Famous Automobiles: Adolf Hitler's Mercedes-Benz Cars Part 2
About famous automobiles specifically the history and information about Adolf Hiter's Mercedes-Benz cars.
ADOLF HITLER'S BIG CAR
The other Hitler car that migrated to the U.S. did so under the umbrella of the 101st Airborne Division, which had invaded Hitler's Alpine Eagle's Nest at Berchtesgaden in 1945. Information about the car's later whereabouts is sketchy. Allegedly it was, for a time, in South Africa.
In 1966, Tom Barrett, an Arizona real estate developer, bought both cars for his private collection.

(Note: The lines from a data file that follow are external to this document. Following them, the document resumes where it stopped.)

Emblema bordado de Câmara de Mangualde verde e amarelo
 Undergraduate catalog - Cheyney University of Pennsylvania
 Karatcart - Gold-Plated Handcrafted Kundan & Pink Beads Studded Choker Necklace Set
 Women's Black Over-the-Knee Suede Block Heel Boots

But by 1973, Barrett had concluded that either he had too many old cars in his Arizona collection, or not enough garage space. He decided to unload 50 cars, including both 770-Ks, at an auction.

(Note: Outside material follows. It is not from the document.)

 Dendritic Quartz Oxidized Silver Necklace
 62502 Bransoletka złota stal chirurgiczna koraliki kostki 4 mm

Until the Hitler cars went on sale, no antique car had ever brought more than $90,000. That sum was captured by Greta Garbo's Duesenberg in the fall of 1972. Within the 1st minute on the auction block, however, the initial Hitler 770-K cracked the record. It was the Mannerheim auto, and this one peaked at $153,000, falling into the hands of Earl Clark, a businessman from Lancaster, Pa. Clark wanted the car for the Lancaster, Pa. Clark park called Dutch Wonderland. The 2nd Hitler car also broke the 1972 record that day when the bidding soared to $93,000. Billy C. Tanner, an Alabama developer and George Wallace's 1964 campaign manager, bought it but he could not secure financing to complete the transaction. Consequently, he sold his option to Don Tidwell, a mobile-home manufacturer.

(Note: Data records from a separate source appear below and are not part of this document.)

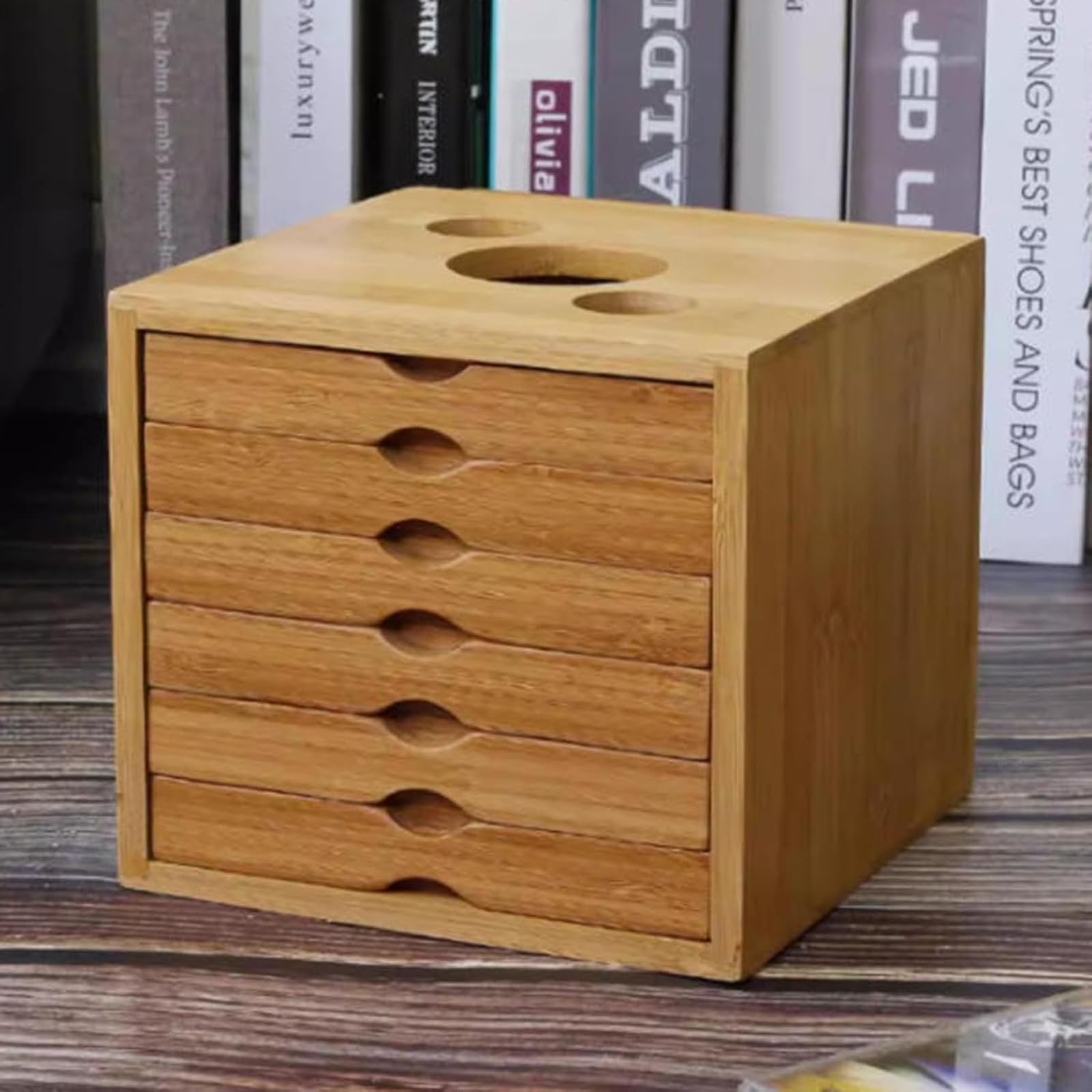 Porta CD in bambù, Mensola Porta Dvd da Scrivania, Piccolo Organizer Girevole per CD, con Base Girevole a 360°, capacità Massima 60 Dischi, Ideale Come Regalo per Ufficio E Casa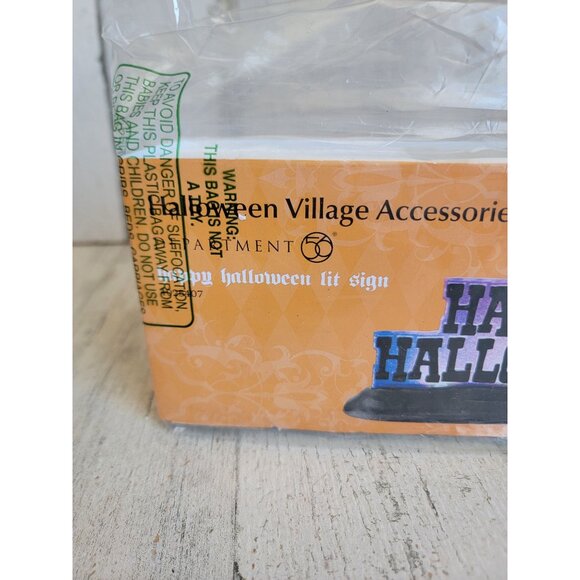 Dept 56 4025407 NEW Happy Halloween lit sign village accessory - Picture 2 of 9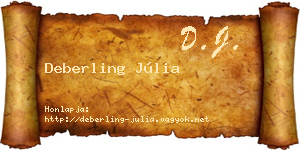 Deberling Júlia névjegykártya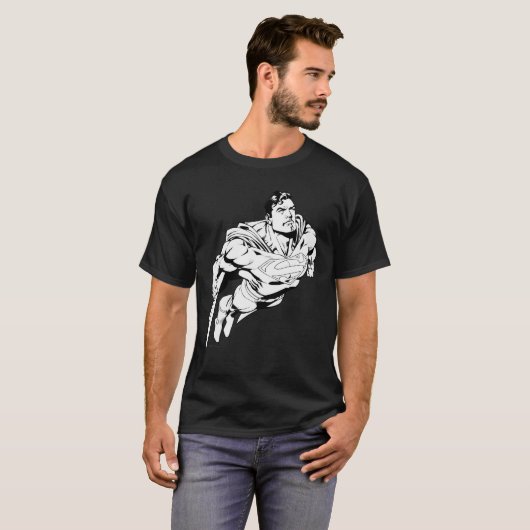 Superman Black en White 1 T-shirt (Voorkant volledig)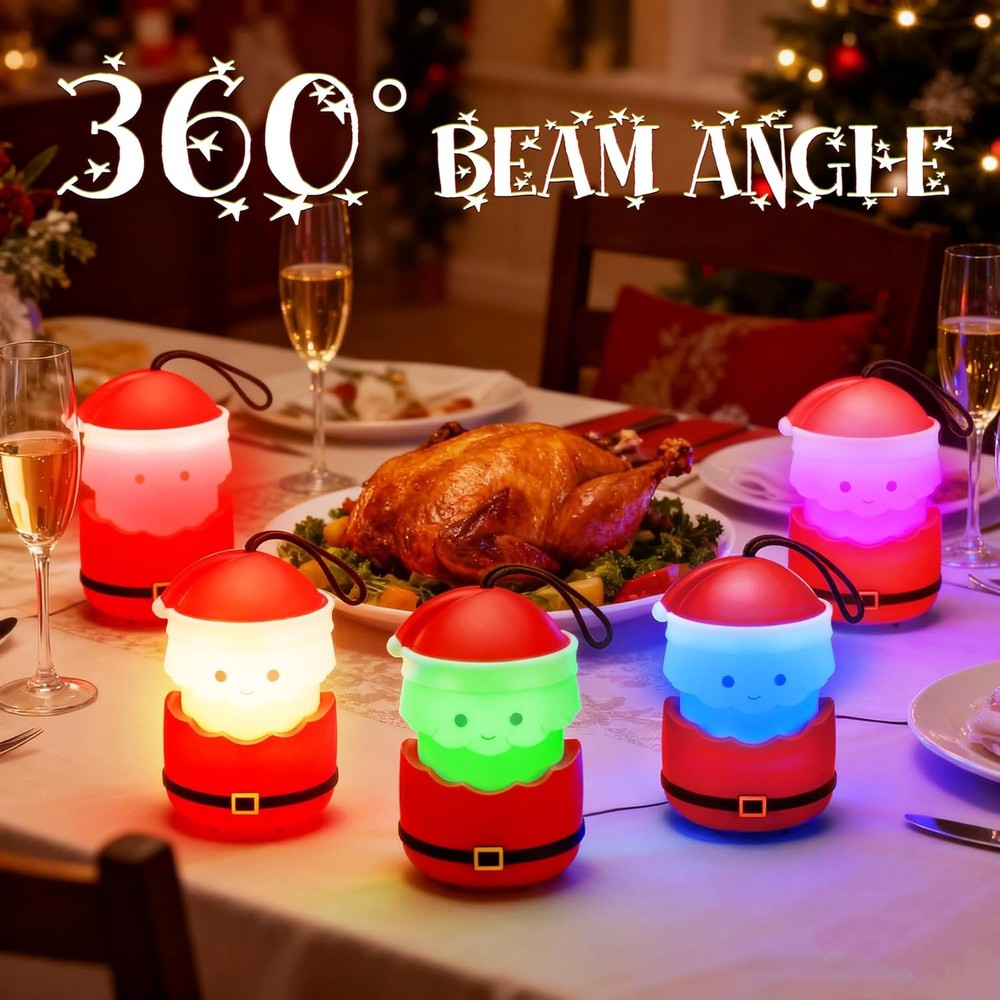 EverBrite 3 Pack Santa Claus Lantern Sets Holiday Decoration Light 5 Light Modes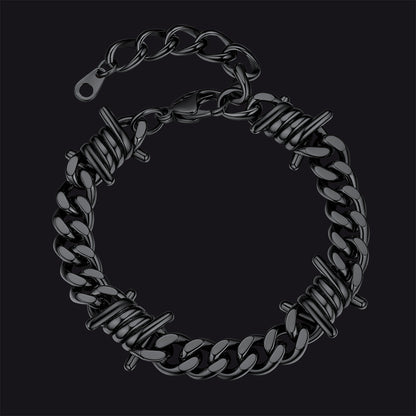 Barbed Wire Cuban Link Bracelet for in Stainless Steel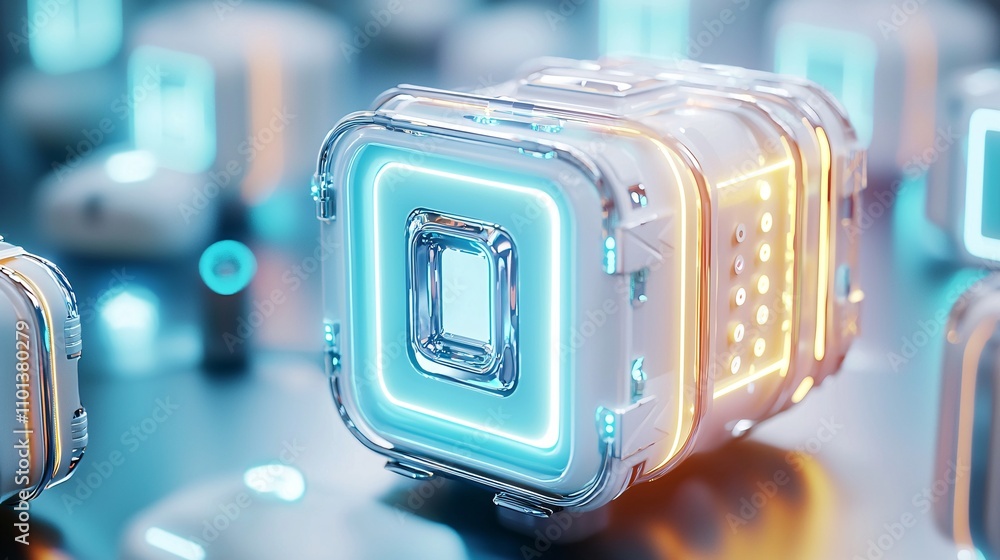 Poster futuristic 3d render of neon glowing box with abstract background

Next the Kruse auction people, sellers of antique and "classic" cars, put the Mannerheim 770-K back on the block, this time at its new home in the famous Dutch Wonderland Amusement Park. Earl Clark threw in some photographs, arm bands, leather-cased tool kits, and mementos valued at $15,000, and the Kruse brothers asked for an opening bid of $250,000. The bidding began at $50,000, then was raised until it reached $176,000, when the 770-K was hammered down at a new world's record price to Robert Pass of St. Louis, Mo. In February, 1975, Pass sold the 770-K for $141,000 to A. J. Frascona, a car dealer from Wauwatosa, Wis.